Dzikir dengan menyebut menyebut nama Allah harus dilakukan secara berurutan. Artinya, terlebih dahulu menyebut nama-nama yang berhubungan dengan keagungan Allah, kemudian diikuti dengan nama-nama yang berhubungan dengan keindahan Allah dan nama-nama yang merupakan gabungan dari kedua sifat tersebut.
Proses ini dilakukan secara terus-menerus dan berulang-ulang sampai hati menjadi bersih dan semakin teguh dalam berzikir. Apabila hati telah mencapai tahap seperti itu, dia akan dapat merasakan realitas segala sesuatu baik yang bersifat jasmani maupun rohani.
Satu hal yang harus diingat dalam hal ini adalah bahwa dzikir hanya dapat dikuasai melalui bimbingan seorang guru atau Syekh, pembimbing spiritual yang telah mencapai pandangan yang tajam mengenai rahasia-rahasia dzikir. Pembimbing spiritual ini adalah seorang yang telah mencapai pandangan yang membangkitkan semua realitas, tidak bersikap sombong dan tidak membukakan rahasia pandangan batinnya kepada orang-orang yang tidak dapat dipercaya.

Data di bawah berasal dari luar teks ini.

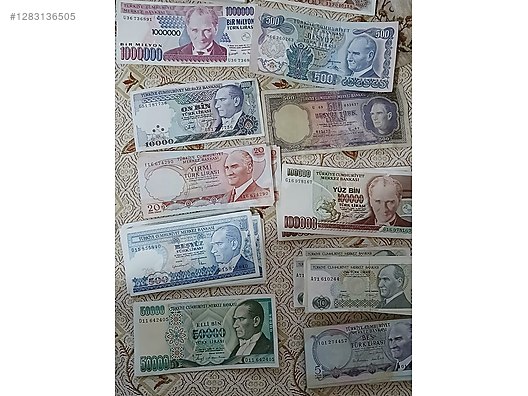 Used & Brand New Items / Collectibles / Coins, Paper Money & Medals / Domestic / Banknotes / Republic Period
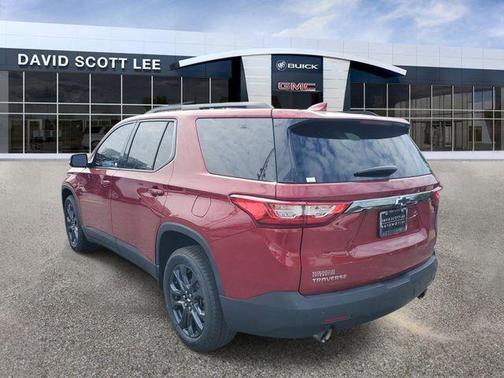 Cajun Red Tintcoat 2018 Chevrolet Traverse RS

Secara terperinci, persyaratan-persyaratan penting untuk dapat menjalani zikir di dalam tarekat ini adalah sebagai berikut; makanan yang dimakan haruslah berjalan dari jalan yang halal, selalu berkata benar, rendah hati, sedikit makan dan berbicara, setia terhadap guru atau syekhnya, berdiam diri di suatu ruangan yang gelap tetapi bersih, memadukan ego dengan penuh kerelaan kepada disiplin dan penyiksaan diri, makanan dan minuman dari pemberian pelayan, menjaga mata, telinga dan hidung dari sesuatu yang diharamkan, tidak membanggakan diri, mematuhi aturan-aturan yang terlarang bagi orang yang sedang melakukan ibadah haji seperti memakai pakaian berjahit.